- Born: 1 October 1930 Golaghat, Assam, India
- Died: 28 January 2013 (aged 82) Guwahati, Assam, India
- Occupations: Academician, Historian, Ex-VC Gauhati University
- Spouse: Renu Devi (Barooah)

= Debo Prasad Barooah =

Indian academic and historian

Debo Prasad Barooah was an Indian academician, author, historian and the former Vice-Chancellor (the Chief Executive) of Gauhati University. Barooah, highly regarded for his knowledge of political science and history of the region had a brilliant academic record beginning with his graduation in 1954.

== Life and education ==
Barooah was born in Golaghat to the family of Tara Prasad Barooah. His father Tara Prasad Barooah was also an eminent lawyer of Assam, University Prize-man, Gold-medalist in English from Calcutta University. Barooah passed his matriculation from Golaghat – Government Boys Bezbarooah Higher Secondary School and graduated with first class in 1954 and got masters in History from Gauhati University in 1956 where he topped his class. He started his teaching career as a lecturer in the Department of History at Gauhati University taking up the papers on International Relations. Later he also started teaching at the Department of Political Science (1958) Gauhati University, as one of the founding teachers. After the retirement of Prof. V.V. Rao from the department, Prof. D.P. Barooah finally joined the Department of Political Science and started heading it as well. He did his D Phil on the thesis Indo-British Relations 1950–60. He was UGC Emeritus Fellow for two years and was also Senior Associate of National Institute of Advanced Studies, Bangalore. He was married to Renu Devi, Former Dean – Faculty of Arts, Gauhati University, Assam.

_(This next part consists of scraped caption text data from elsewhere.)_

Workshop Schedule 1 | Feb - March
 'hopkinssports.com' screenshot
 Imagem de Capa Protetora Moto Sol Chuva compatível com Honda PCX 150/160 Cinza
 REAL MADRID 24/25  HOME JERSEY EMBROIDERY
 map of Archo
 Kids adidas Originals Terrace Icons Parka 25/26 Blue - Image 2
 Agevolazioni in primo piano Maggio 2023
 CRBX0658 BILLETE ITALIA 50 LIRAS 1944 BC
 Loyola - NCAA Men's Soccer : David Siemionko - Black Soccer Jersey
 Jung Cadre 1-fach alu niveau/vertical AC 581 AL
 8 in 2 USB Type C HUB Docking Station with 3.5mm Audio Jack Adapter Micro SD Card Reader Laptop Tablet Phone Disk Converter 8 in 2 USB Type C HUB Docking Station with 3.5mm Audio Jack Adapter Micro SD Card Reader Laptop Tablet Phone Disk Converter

== Research papers and books ==
Barooah is credited for a large number of research papers, which are highly regarded in intellectual circles. Some of those have been published in national and international journals. Few of his published works are:
1. World History
2. Indo-British Relations 1950–60
3. World War I and II and other Essays

Some of his other work, among others; include:
- Aspects of History of Assam
- Karagaror Diary
- foolmoni (novel)
- Anchalikotar dostabez
- Desh-Bidesh:Drsti aru anubhav Vol.I
- Desh-Bidesh:Drsti aru anubhav Vol.II
- Rooplekha (Story, etc.)
- Yuddha aru santi
- Bharotor boideshik niti (edited by:Pabitra narayan borah)
- Swadesh aru swajatir dostabez (collection by:Pabitra narayan borah)
- Gaon khonor pora jogot khonoloi (collection by:Pabitra narayan borah)
- Prithibir prothom samajtantrik biplob.

== Career ==
As an academician he mentored many students and researchers and acted as guide to 23 scholars. He was involved in several post-retirement assignments, including his association with the University Grants Commission.

As a writer his write-ups had been published in various English National Dailies. He was a Guest Column Writer for The Telegraph newspaper published from Kolkata.

Barooah was a Professor and Head of Political Science from 1978 till his appointment as Gauhati University Vice-Chancellor in 1986. Barooah was also a nationalist blended with regionalism and had contributions in different assignments including a case relating to 17 May 1996, murder of noted journalist Parag Kumar Das. A Division Bench of the Gauhati High Court, comprising Chief Justice J Chalemeswar and Justice Hrishikesh Roy, admitted a revision petition as regards investigation into the case. The court had then registered the plea on the basis of a letter written by Dr. Debo Prasad Barooah to the Chief Justice of the High Court where, in his letter, Barooah alleged "slackness on part of the CBI in investigating the case."

Barooah played a role in organising the first political convention of the AGP in Golaghat in October 1985. But he stayed away from direct involvement with any political party.

== Death ==
Barooah died on 28 January 2013 due to cardiac arrest. His death was deplored by various people including Assam's Governor JB Patnaik and Minister for Information & Public Relations – Basanta Das. Chief Minister Tarun Gogoi also expressed his deep condolence at the demise of Dr Barooah. In their condolence messages, they said that "Assam has lost a great educationist, academician, litterateur and a social worker."